Records from a data collection
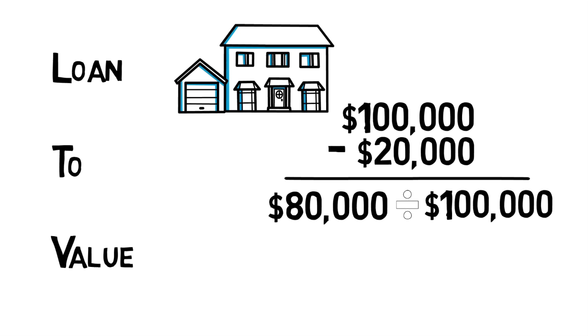HUD – The U.S. Department of Housing and Urban Development. The primary Housing and Lending Regulatory Authority in the United States.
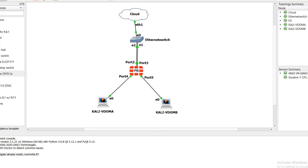Hello, this is Hamid and in this session I'm gonna teach you how to set up VDOM in FortiGate Firewall. VDOM is a really awesome feature because you can split your firewall in two or three sections and share it between different companies. So instead of buying different devices, you can split the resources between different companies.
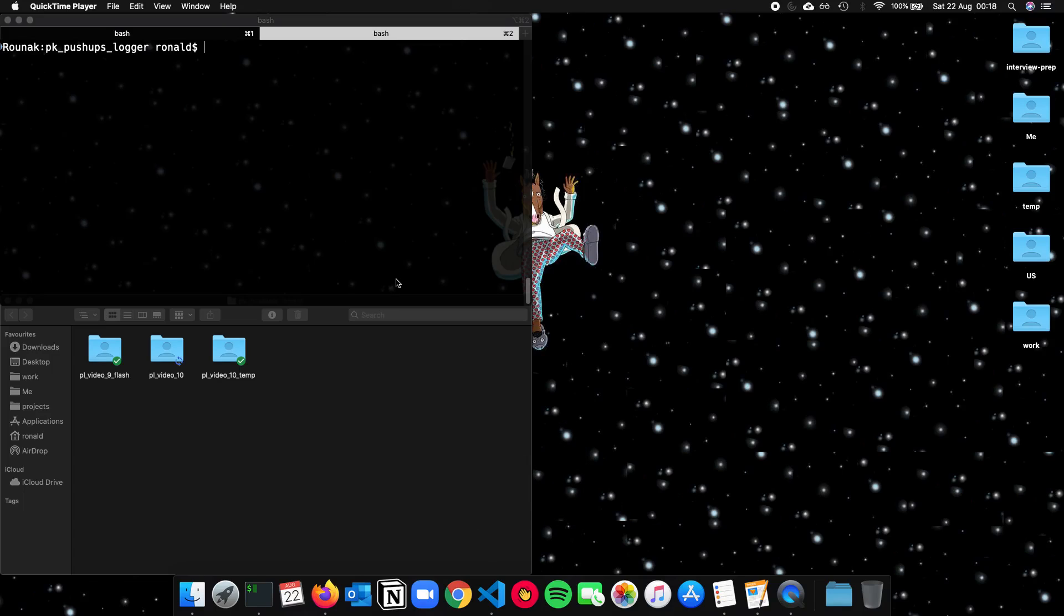Hello and welcome back to another video on web development with Flask. My name is Ronak Vyas and this video is a collaboration with Programming Knowledge.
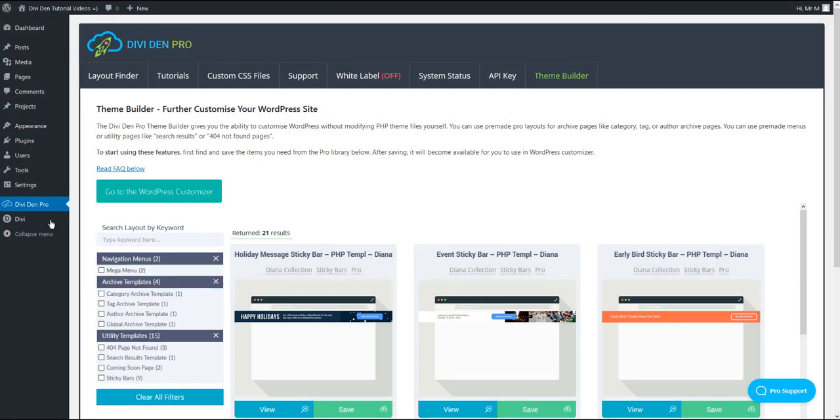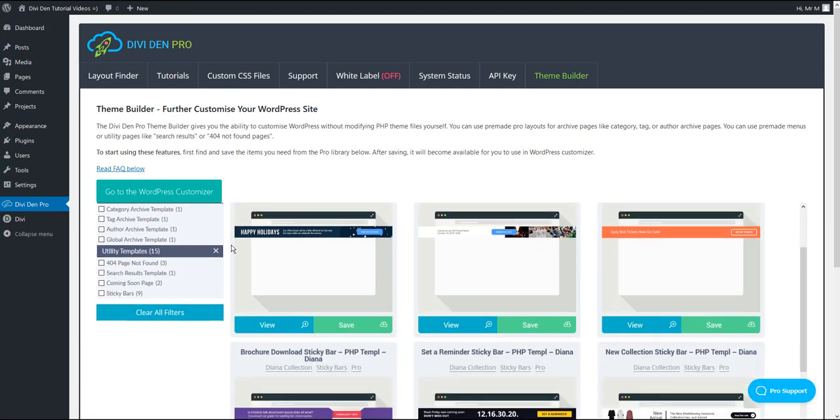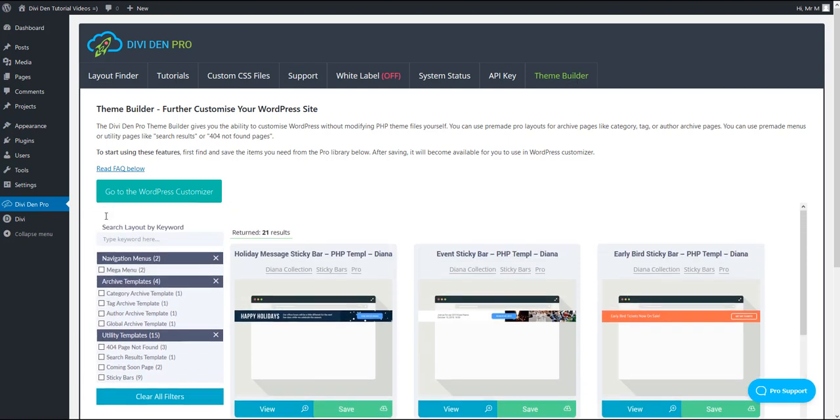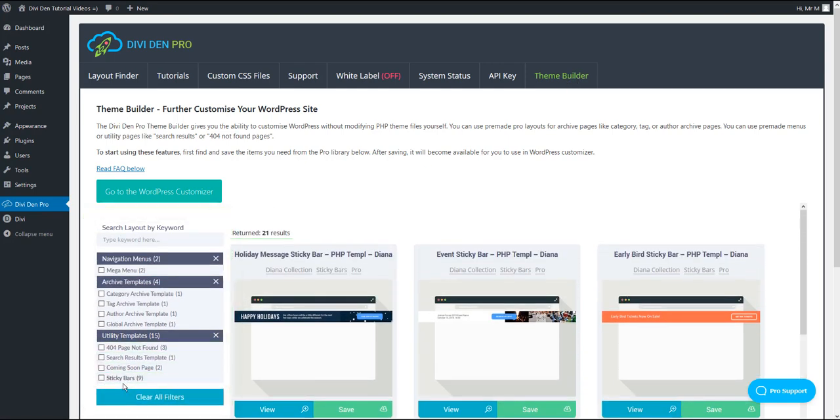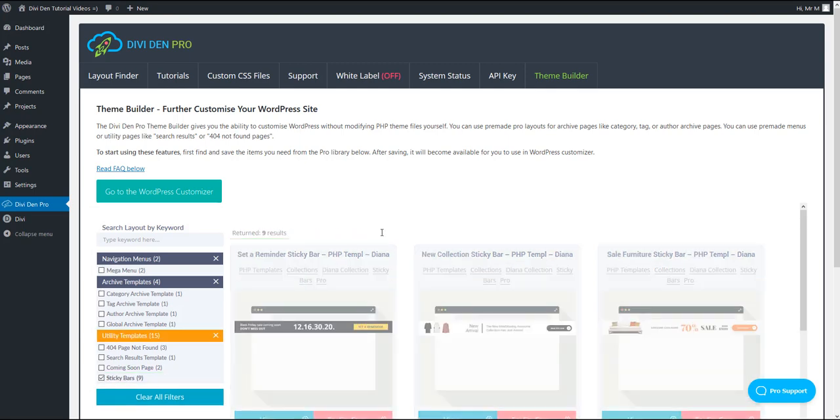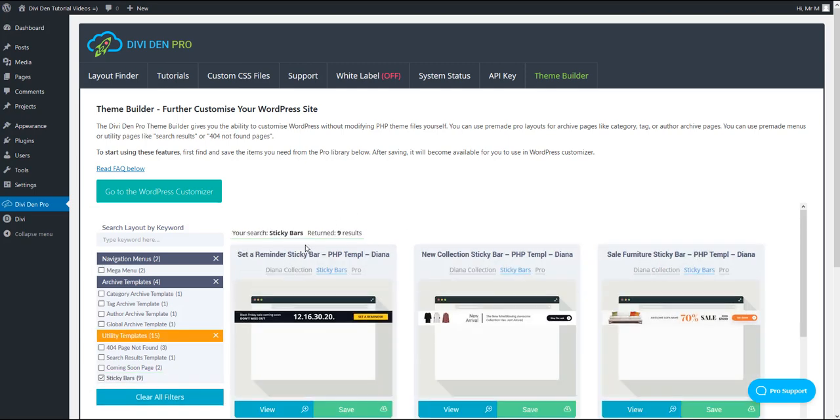When you go to Dividend Pro and select Theme Builder, inside the filter options you'll now see sticky bars. Check that and all the sticky bar section designs will be filtered.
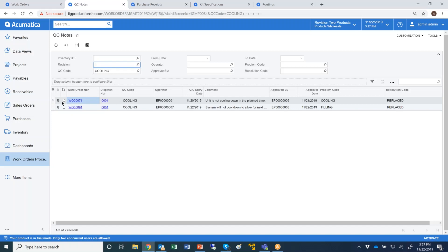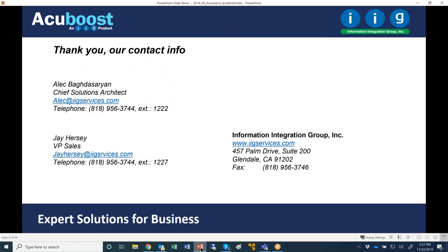This is a quick overview of some of our enhancements. Please view the overview of AccuWork Order first before viewing this advanced recording. Thank you for your time, and we look forward to hearing from you if we can be of any assistance with any of your needs.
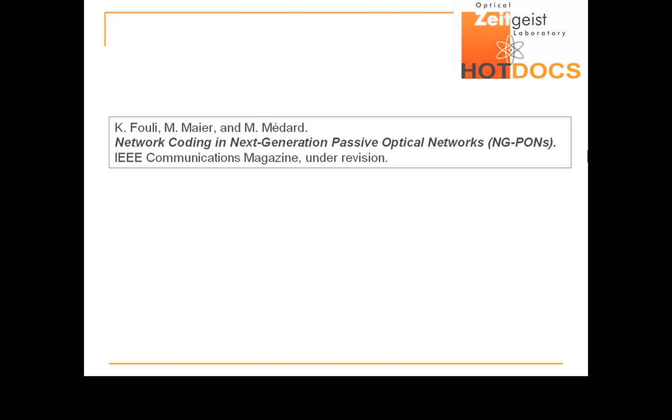The reason for such behavior, as well as interesting insight into network coding in next generation PONs, can be found in our upcoming publication. And that concludes this talk. Thanks for watching.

WORK ORDER:
Write the entries out again exactly as they appear, with the pictures omitted.

SOLUTION FOR THIS PROBLEM:
HUD – The U.S. Department of Housing and Urban Development. The primary Housing and Lending Regulatory Authority in the United States.
Hello, this is Hamid and in this session I'm gonna teach you how to set up VDOM in FortiGate Firewall. VDOM is a really awesome feature because you can split your firewall in two or three sections and share it between different companies. So instead of buying different devices, you can split the resources between different companies.
Hello and welcome back to another video on web development with Flask. My name is Ronak Vyas and this video is a collaboration with Programming Knowledge.
When you go to Dividend Pro and select Theme Builder, inside the filter options you'll now see sticky bars. Check that and all the sticky bar section designs will be filtered.
This is a quick overview of some of our enhancements. Please view the overview of AccuWork Order first before viewing this advanced recording. Thank you for your time, and we look forward to hearing from you if we can be of any assistance with any of your needs.
The reason for such behavior, as well as interesting insight into network coding in next generation PONs, can be found in our upcoming publication. And that concludes this talk. Thanks for watching.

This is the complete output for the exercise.